Anti-Natalism and the case for human extinction

It doesn’t take too much imagination to extend his analogy to human beings. In fact, the worst horrors that humans inflict on other humans make being eaten by a lion seem tame in comparison.

Imagine something you really like. Be it gourmet food, music, sex, anything. You get a 25 year supply of it, but you have to agree to an hour of waterboarding. I bet you wouldn’t make it 5 minutes before you backed out of the agreement. This is what Schopenhauer is talking about: the asymmetry of pleasure and pain. However good the best pleasures are, the worst pains are so much more horrific.

I’m don’t agree with that synopsis. Sure, horrible horrors exist. But wonderful pleasures exist as well. I’d guess that people who do pessimism for a career haven’t experienced the best pleasures that life has to offer, which is a pity. The pleasures still exist, though.

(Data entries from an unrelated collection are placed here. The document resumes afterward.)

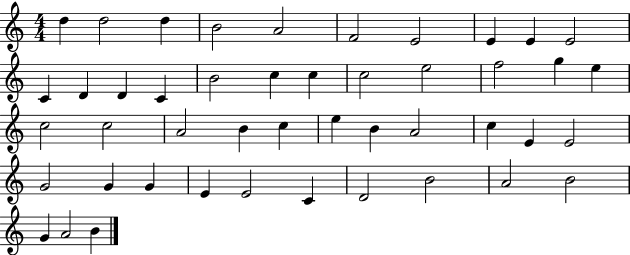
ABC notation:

X:1
T:Untitled
M:4/4
L:1/4
K:C
d d2 d B2 A2 F2 E2 E E E2 C D D C B2 c c c2 e2 f2 g e c2 c2 A2 B c e B A2 c E E2 G2 G G E E2 C D2 B2 A2 B2 G A2 B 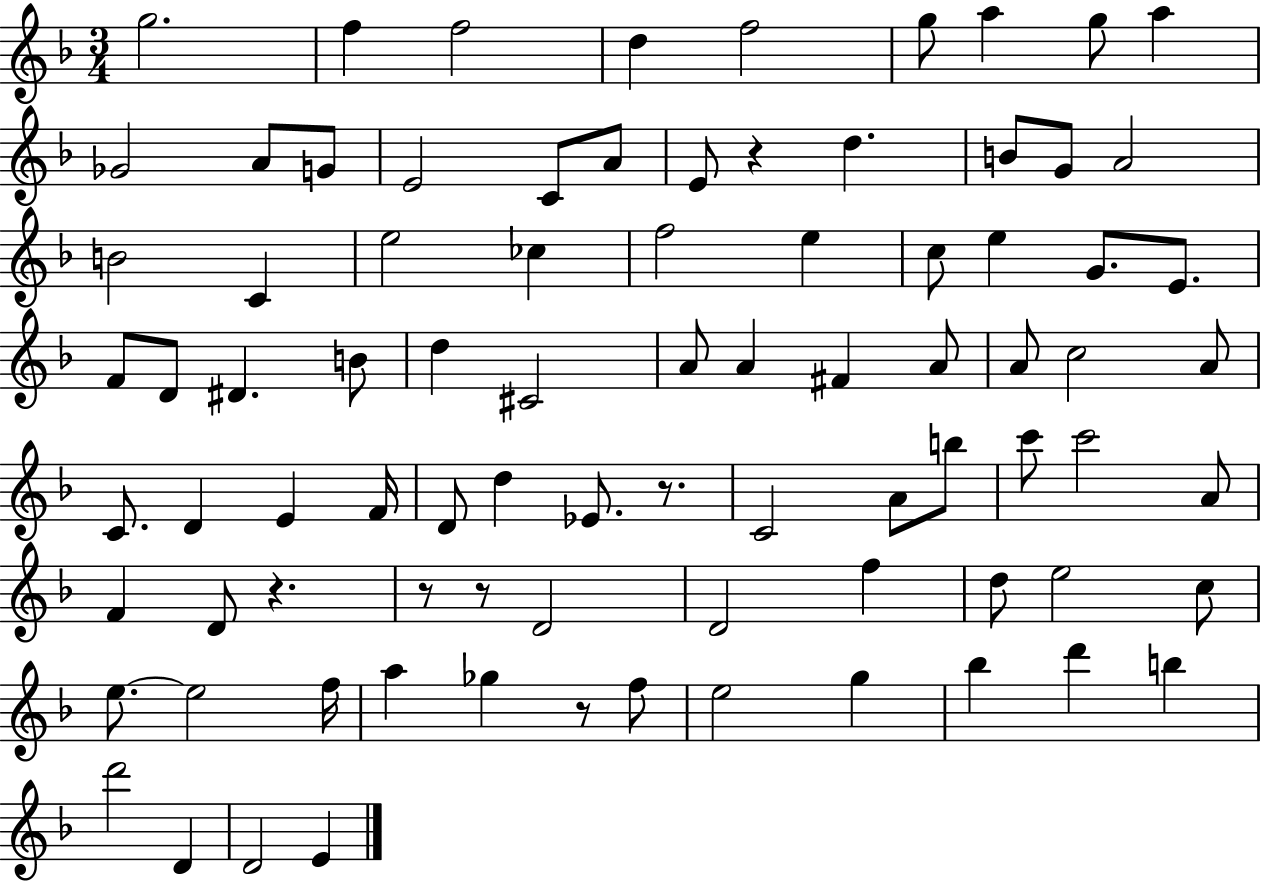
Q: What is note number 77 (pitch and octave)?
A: D4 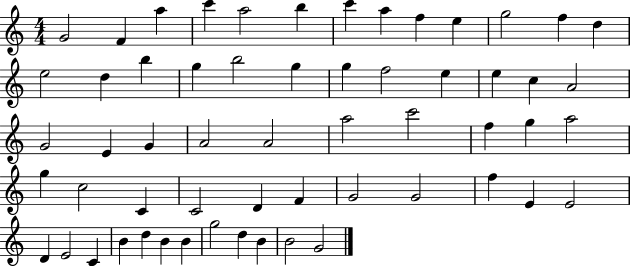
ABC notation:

X:1
T:Untitled
M:4/4
L:1/4
K:C
G2 F a c' a2 b c' a f e g2 f d e2 d b g b2 g g f2 e e c A2 G2 E G A2 A2 a2 c'2 f g a2 g c2 C C2 D F G2 G2 f E E2 D E2 C B d B B g2 d B B2 G2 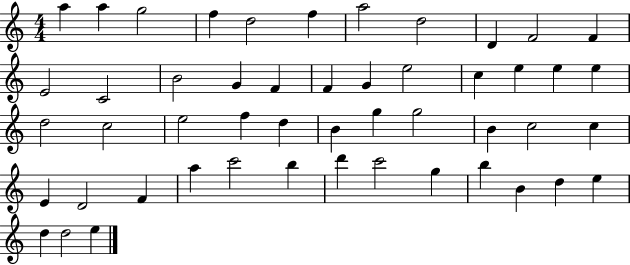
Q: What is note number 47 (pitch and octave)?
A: E5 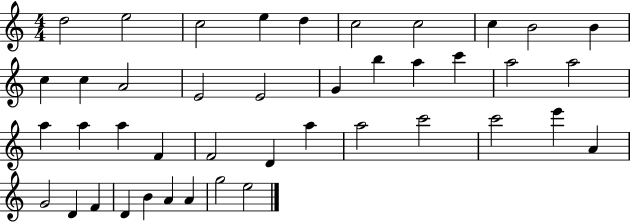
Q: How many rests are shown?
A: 0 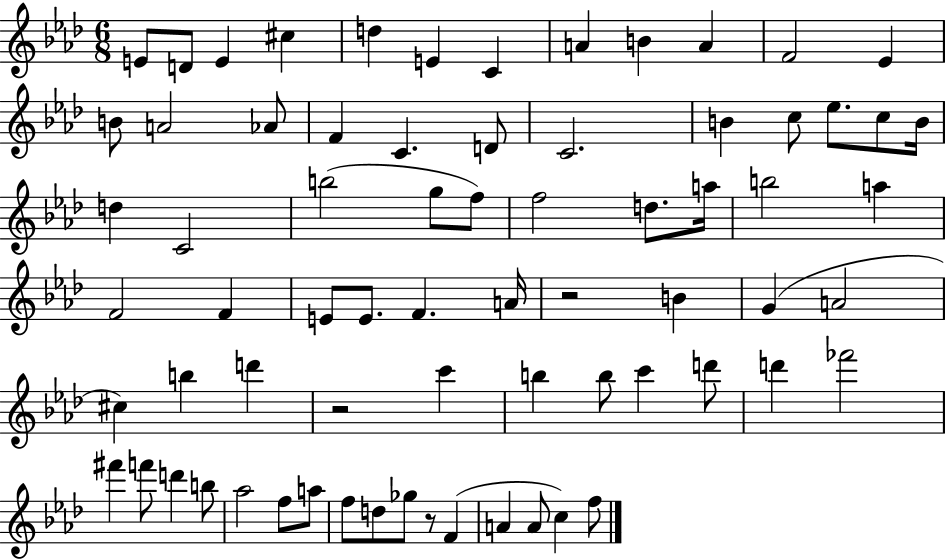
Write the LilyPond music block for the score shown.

{
  \clef treble
  \numericTimeSignature
  \time 6/8
  \key aes \major
  e'8 d'8 e'4 cis''4 | d''4 e'4 c'4 | a'4 b'4 a'4 | f'2 ees'4 | \break b'8 a'2 aes'8 | f'4 c'4. d'8 | c'2. | b'4 c''8 ees''8. c''8 b'16 | \break d''4 c'2 | b''2( g''8 f''8) | f''2 d''8. a''16 | b''2 a''4 | \break f'2 f'4 | e'8 e'8. f'4. a'16 | r2 b'4 | g'4( a'2 | \break cis''4) b''4 d'''4 | r2 c'''4 | b''4 b''8 c'''4 d'''8 | d'''4 fes'''2 | \break fis'''4 f'''8 d'''4 b''8 | aes''2 f''8 a''8 | f''8 d''8 ges''8 r8 f'4( | a'4 a'8 c''4) f''8 | \break \bar "|."
} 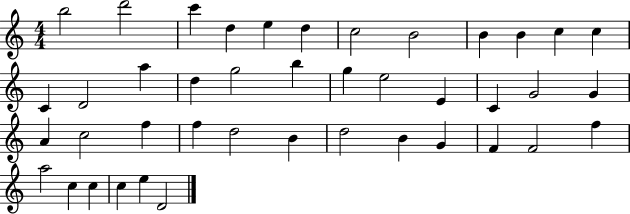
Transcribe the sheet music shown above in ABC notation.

X:1
T:Untitled
M:4/4
L:1/4
K:C
b2 d'2 c' d e d c2 B2 B B c c C D2 a d g2 b g e2 E C G2 G A c2 f f d2 B d2 B G F F2 f a2 c c c e D2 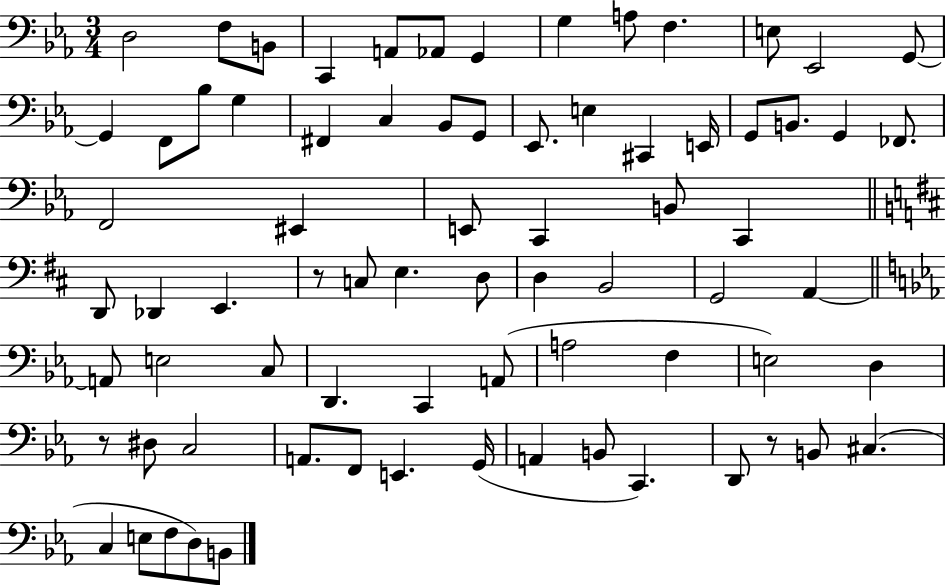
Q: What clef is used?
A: bass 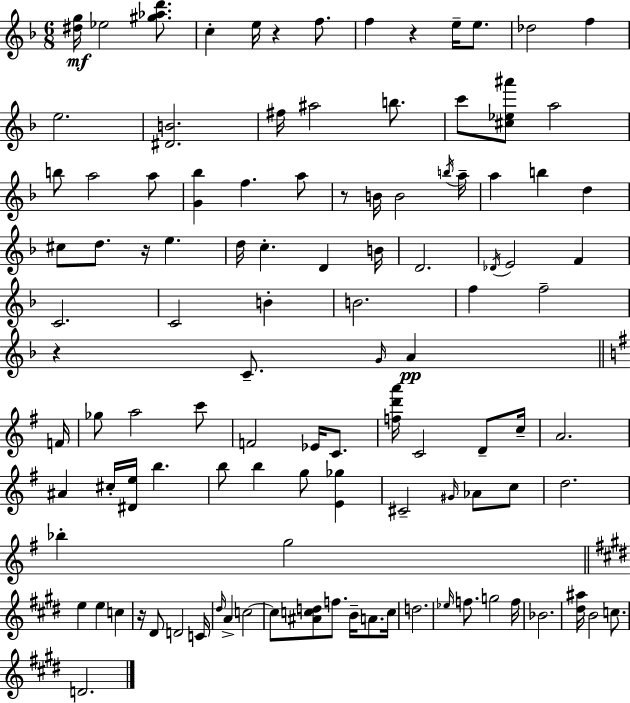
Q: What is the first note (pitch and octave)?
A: Eb5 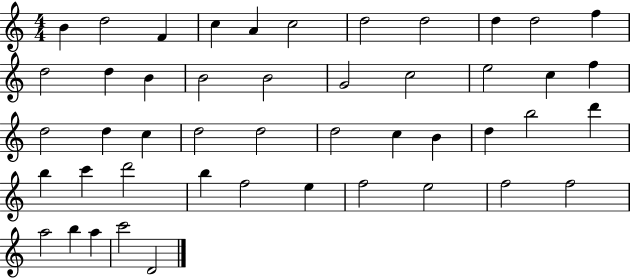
B4/q D5/h F4/q C5/q A4/q C5/h D5/h D5/h D5/q D5/h F5/q D5/h D5/q B4/q B4/h B4/h G4/h C5/h E5/h C5/q F5/q D5/h D5/q C5/q D5/h D5/h D5/h C5/q B4/q D5/q B5/h D6/q B5/q C6/q D6/h B5/q F5/h E5/q F5/h E5/h F5/h F5/h A5/h B5/q A5/q C6/h D4/h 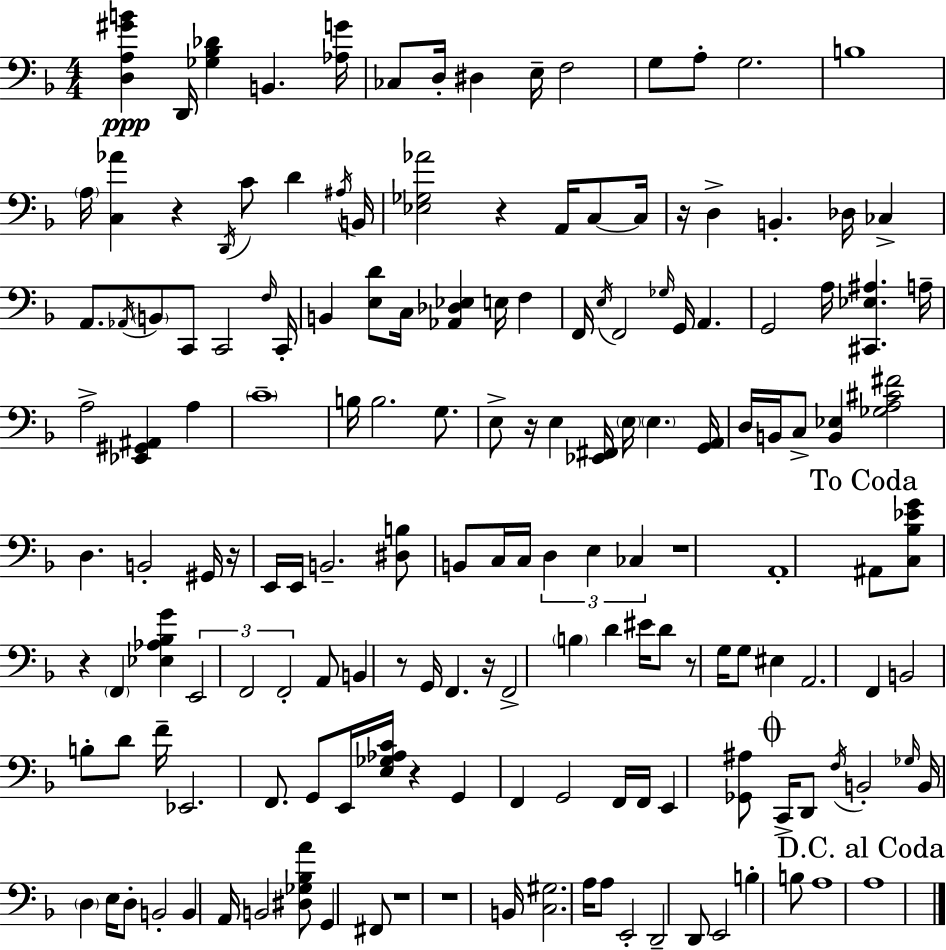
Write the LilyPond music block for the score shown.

{
  \clef bass
  \numericTimeSignature
  \time 4/4
  \key f \major
  <d a gis' b'>4\ppp d,16 <ges bes des'>4 b,4. <aes g'>16 | ces8 d16-. dis4 e16-- f2 | g8 a8-. g2. | b1 | \break \parenthesize a16 <c aes'>4 r4 \acciaccatura { d,16 } c'8 d'4 | \acciaccatura { ais16 } b,16 <ees ges aes'>2 r4 a,16 c8~~ | c16 r16 d4-> b,4.-. des16 ces4-> | a,8. \acciaccatura { aes,16 } \parenthesize b,8 c,8 c,2 | \break \grace { f16 } c,16-. b,4 <e d'>8 c16 <aes, des ees>4 e16 | f4 f,16 \acciaccatura { e16 } f,2 \grace { ges16 } g,16 | a,4. g,2 a16 <cis, ees ais>4. | a16-- a2-> <ees, gis, ais,>4 | \break a4 \parenthesize c'1-- | b16 b2. | g8. e8-> r16 e4 <ees, fis,>16 \parenthesize e16 \parenthesize e4. | <g, a,>16 d16 b,16 c8-> <b, ees>4 <ges a cis' fis'>2 | \break d4. b,2-. | gis,16 r16 e,16 e,16 b,2.-- | <dis b>8 b,8 c16 c16 \tuplet 3/2 { d4 e4 | ces4 } r1 | \break a,1-. | \mark "To Coda" ais,8 <c bes ees' g'>8 r4 \parenthesize f,4 | <ees aes bes g'>4 \tuplet 3/2 { e,2 f,2 | f,2-. } a,8 | \break b,4 r8 g,16 f,4. r16 f,2-> | \parenthesize b4 d'4 eis'16 d'8 | r8 g16 g8 eis4 a,2. | f,4 b,2 | \break b8-. d'8 f'16-- ees,2. | f,8. g,8 e,16 <e ges aes c'>16 r4 g,4 | f,4 g,2 f,16 f,16 | e,4 <ges, ais>8 \mark \markup { \musicglyph "scripts.coda" } c,16-> d,8 \acciaccatura { f16 } b,2-. | \break \grace { ges16 } b,16 \parenthesize d4 e16 d8-. b,2-. | b,4 a,16 b,2 | <dis ges bes a'>8 g,4 fis,8 r1 | r1 | \break b,16 <c gis>2. | a16 a8 e,2-. | d,2-- d,8 e,2 | b4-. b8 a1 | \break \mark "D.C. al Coda" a1 | \bar "|."
} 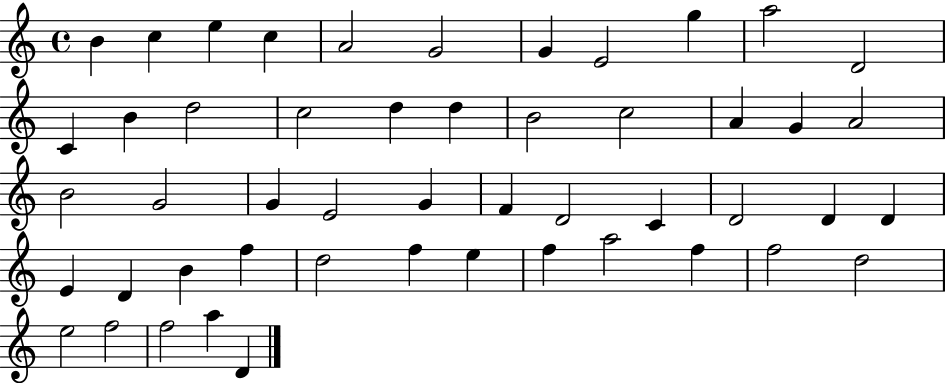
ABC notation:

X:1
T:Untitled
M:4/4
L:1/4
K:C
B c e c A2 G2 G E2 g a2 D2 C B d2 c2 d d B2 c2 A G A2 B2 G2 G E2 G F D2 C D2 D D E D B f d2 f e f a2 f f2 d2 e2 f2 f2 a D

The broader point does not rest on comparing the worst horror to the best pleasure, however. It rests on observing that for most people, most of the time, life is pretty good. For me, today, I’ve not suffered any noticable pain and I don’t expect I will. I’ve had a number of pleasures: eating, drinking, driving, working, and so forth. So on average, pleasure is beating pain.

Your “obvious” analogy is nowhere near as obvious as you think. Lots of people willingly endure temporary suffering in order to obtain something that will make them happy. People are willing to endure pain for things as trivial as a ear piercing to as important as childbirth.

Hey, don’t knock it till you’ve tried it!